Answer for screen readers
The simplified fraction of $\frac{26}{64}$ is $\frac{13}{32}$.
Steps to Solve
- Find the GCD of 26 and 64
To simplify the fraction, we first need to determine the greatest common divisor (GCD) of 26 and 64. We can do this using the method of prime factorization or the Euclidean algorithm.
The prime factorization of 26 is: $$ 26 = 2 \times 13 $$
The prime factorization of 64 is: $$ 64 = 2^6 $$
The common factors are the factors shared by both numbers. Here, the only common factor is 2.
- Divide the numerator and the denominator by the GCD
Now that we have the GCD, which is 2, we can simplify the fraction $\frac{26}{64}$ by dividing both the numerator and the denominator by 2.

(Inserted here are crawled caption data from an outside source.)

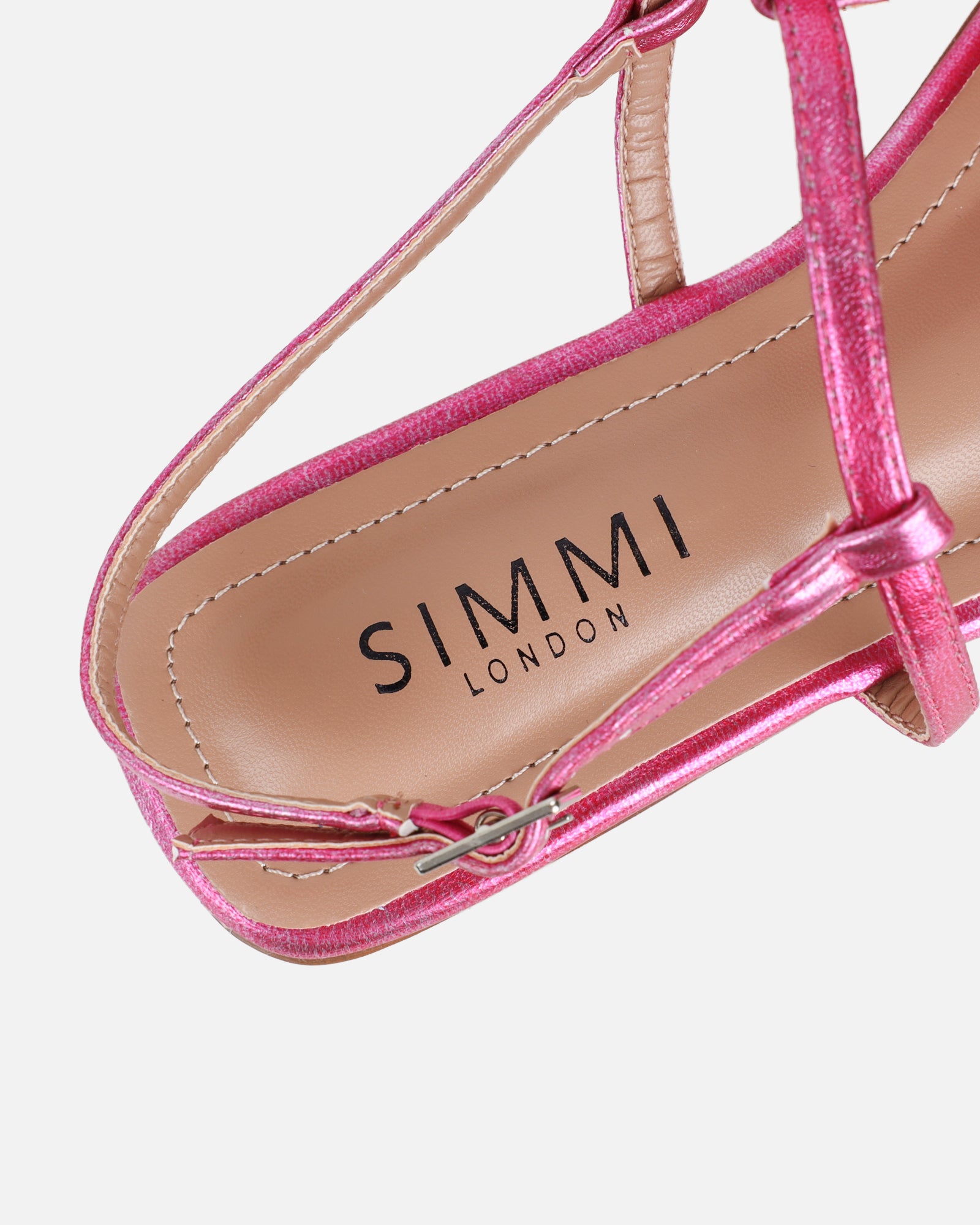 Aoife Pink Metallic Flower Detail Flat Sandals | SIMMI London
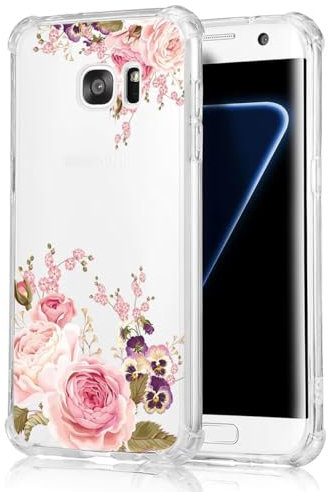 Jhxtech Handyhülle für Galaxy S7, Samsung S7 SM-G930FD, Mädchen, Frauen, schlank, stoßfest, klar, Blumenmuster, weich, flexibel, TPU, Schutzhülle für Samsung Galaxy S7, Rosenblüte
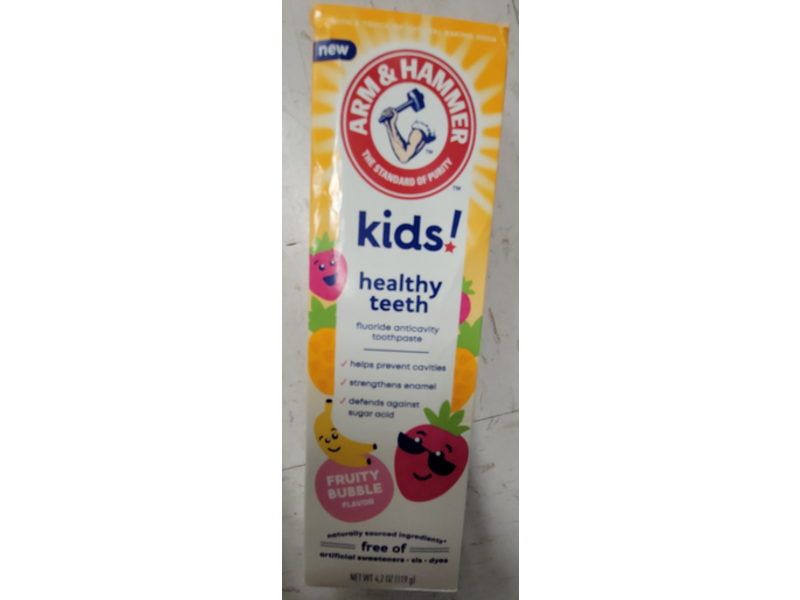 Arm & Hammer Kids! Healthy Teeth Fluoride Anticavity Toothpaste, Fruity Bubble Flavor, 4.2 oz/119 g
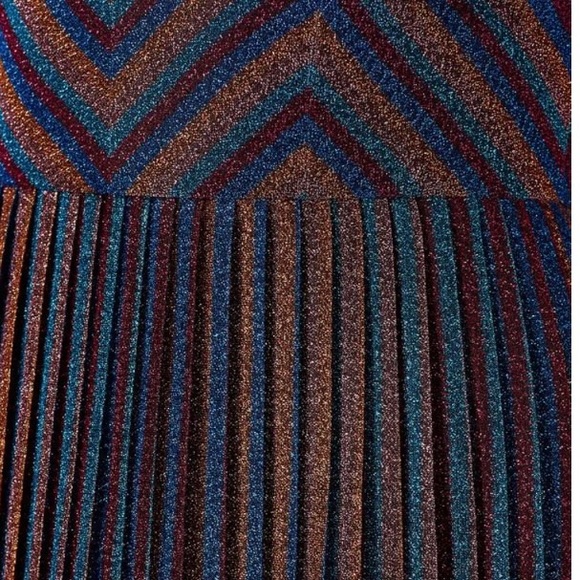 Dress the Population Rosalie Pleated Midi Dress Metallic Cobalt Multicolor NWOT - Picture 5 of 6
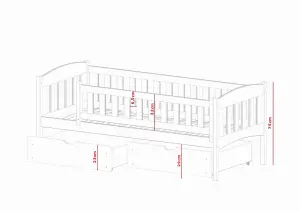 Gucio Contemporary Solid Pine Bed with 2 Storage Drawers in White (L)1980mm (H)750mm (W)970mm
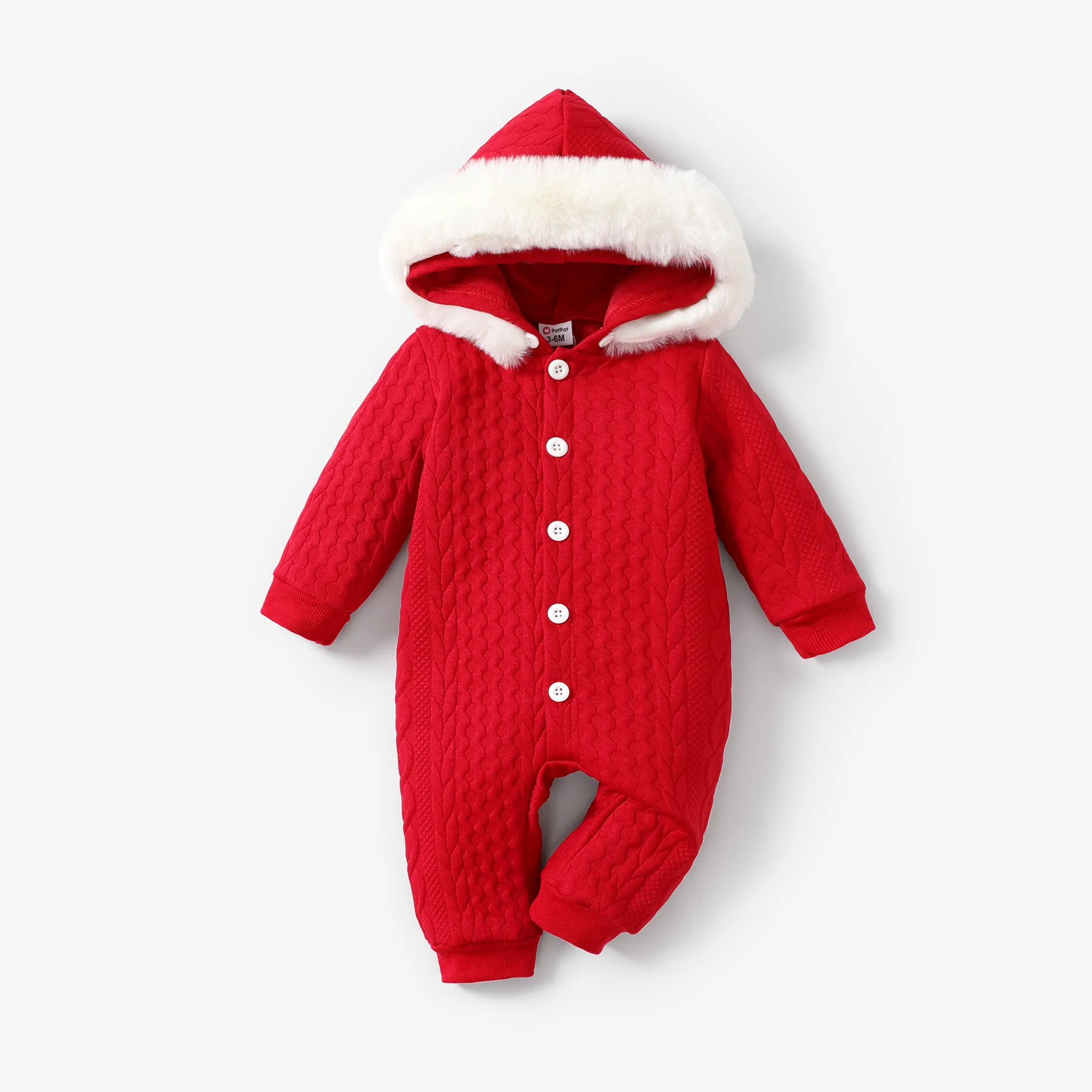 Baby Girl/Boy Christmas Hooded Jumpsuit/Scarf/Glasses/Socks Red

$$ \frac{26 \div 2}{64 \div 2} = \frac{13}{32} $$
- Write the simplified fraction
After dividing, we get the simplified fraction: $$ \frac{13}{32} $$
The simplified fraction of $\frac{26}{64}$ is $\frac{13}{32}$.
More Information
When simplifying fractions, finding the GCD is a crucial step. In this case, we found that both 26 and 64 share the common factor of 2, allowing us to simplify the fraction effectively. This method can be used for any fraction to find its simplest form.
Tips
- Incorrect GCD Calculation: Sometimes, people might miscalculate the GCD, leading to improper simplification. To avoid this, ensure you enumerate all the factors accurately.
- Forgetting to Divide by the GCD: Some might recognize the GCD but forget to apply it to both the numerator and denominator. Make it a habit to always perform this step.